START Dataset records
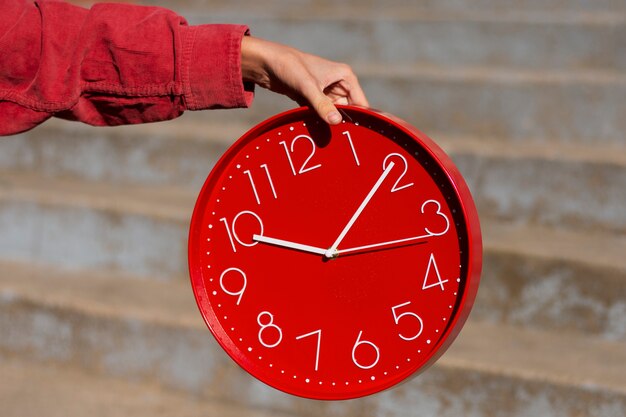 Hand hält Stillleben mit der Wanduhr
END Dataset records
START Dataset records
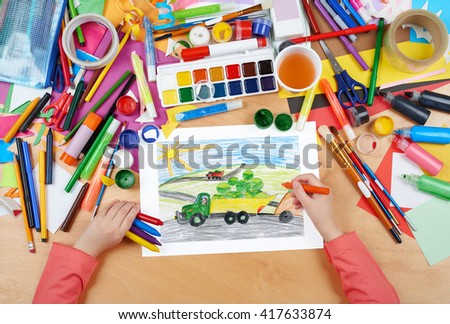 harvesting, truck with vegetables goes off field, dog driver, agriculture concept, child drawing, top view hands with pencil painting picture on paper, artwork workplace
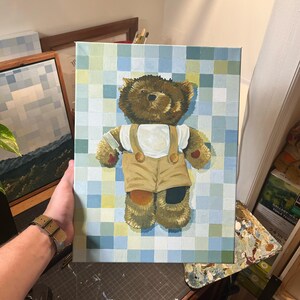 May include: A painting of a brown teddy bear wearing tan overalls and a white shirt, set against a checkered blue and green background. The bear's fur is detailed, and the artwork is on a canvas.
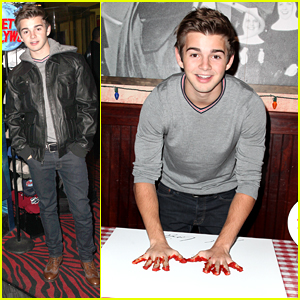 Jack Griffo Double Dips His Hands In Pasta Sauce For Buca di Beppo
END Dataset records
▸ **What to produce**
In the listing above, find the line containing "May include: A" and the line containing "Jack Griffo Double"; print those lines and every line between them exactly, leaving out pictures.

▸ **Answer to the problem**
 May include: A painting of a brown teddy bear wearing tan overalls and a white shirt, set against a checkered blue and green background. The bear's fur is detailed, and the artwork is on a canvas.
 Jack Griffo Double Dips His Hands In Pasta Sauce For Buca di Beppo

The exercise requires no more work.